Source material
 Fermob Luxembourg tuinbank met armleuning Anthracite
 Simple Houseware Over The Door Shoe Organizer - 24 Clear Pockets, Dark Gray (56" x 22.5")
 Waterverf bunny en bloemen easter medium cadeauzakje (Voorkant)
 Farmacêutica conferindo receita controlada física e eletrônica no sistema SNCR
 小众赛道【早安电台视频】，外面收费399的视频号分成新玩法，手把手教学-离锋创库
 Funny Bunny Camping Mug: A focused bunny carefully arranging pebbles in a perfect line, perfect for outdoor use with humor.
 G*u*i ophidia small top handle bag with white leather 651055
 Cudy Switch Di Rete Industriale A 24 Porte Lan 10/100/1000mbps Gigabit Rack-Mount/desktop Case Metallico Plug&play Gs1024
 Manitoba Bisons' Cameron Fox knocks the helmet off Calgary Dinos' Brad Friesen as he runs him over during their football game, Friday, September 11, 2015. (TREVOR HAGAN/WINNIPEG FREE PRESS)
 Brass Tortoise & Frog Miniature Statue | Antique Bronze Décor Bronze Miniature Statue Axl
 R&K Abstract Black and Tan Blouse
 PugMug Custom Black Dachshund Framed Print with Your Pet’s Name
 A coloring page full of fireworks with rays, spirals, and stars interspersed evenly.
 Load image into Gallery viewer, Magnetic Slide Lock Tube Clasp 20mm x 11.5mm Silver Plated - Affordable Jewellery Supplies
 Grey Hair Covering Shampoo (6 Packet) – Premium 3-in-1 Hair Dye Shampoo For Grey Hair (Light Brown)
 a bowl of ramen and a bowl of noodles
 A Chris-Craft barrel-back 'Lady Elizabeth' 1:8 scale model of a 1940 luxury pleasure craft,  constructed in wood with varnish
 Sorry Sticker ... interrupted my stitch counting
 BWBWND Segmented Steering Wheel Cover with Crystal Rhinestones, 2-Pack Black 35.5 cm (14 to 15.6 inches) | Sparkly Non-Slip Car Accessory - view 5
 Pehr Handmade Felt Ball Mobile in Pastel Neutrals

Task goal
Please return only the lines from the one with "Sorry Sticker ..." through the end of the listing, each exactly as written, first and last included.

Answer section
 Sorry Sticker ... interrupted my stitch counting
 BWBWND Segmented Steering Wheel Cover with Crystal Rhinestones, 2-Pack Black 35.5 cm (14 to 15.6 inches) | Sparkly Non-Slip Car Accessory - view 5
 Pehr Handmade Felt Ball Mobile in Pastel Neutrals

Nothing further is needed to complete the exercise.